## [About this task]
Beginning with the line where "Express 100% Rayon" appears, restate each line word for word until the data ends. Pictures do not go in.
Collected data: Begin
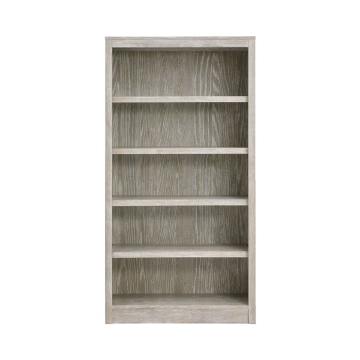Picture of FRESNO GREY BOOKCASE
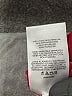 Express 100% Rayon Red Casual Dress Size XS - photo 8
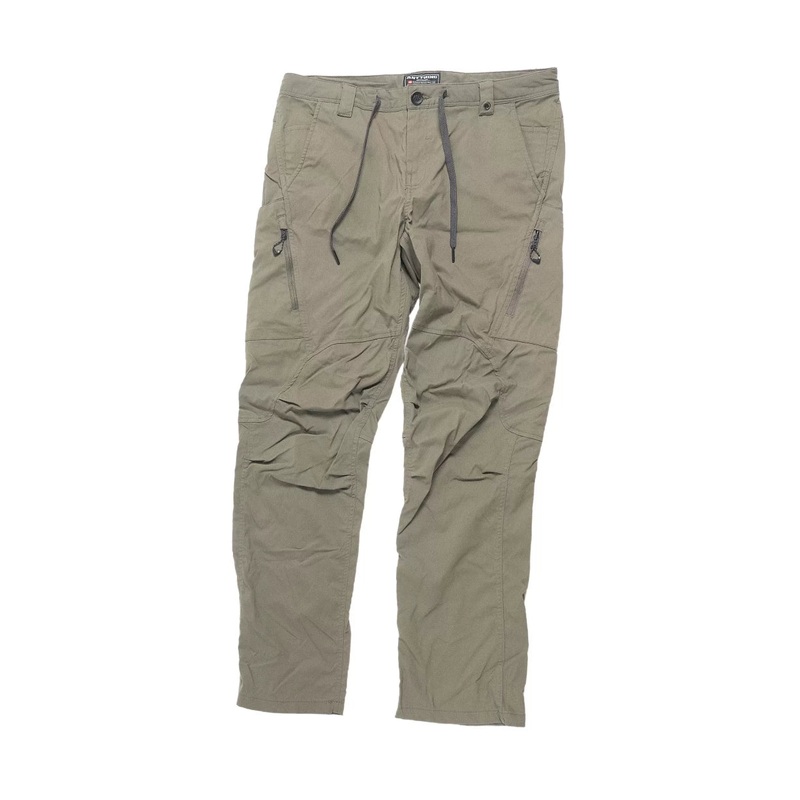 686 Anything Cargo Pant - Men's 32 Green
Collected data: End
## [Response area]
 Express 100% Rayon Red Casual Dress Size XS - photo 8
 686 Anything Cargo Pant - Men's 32 Green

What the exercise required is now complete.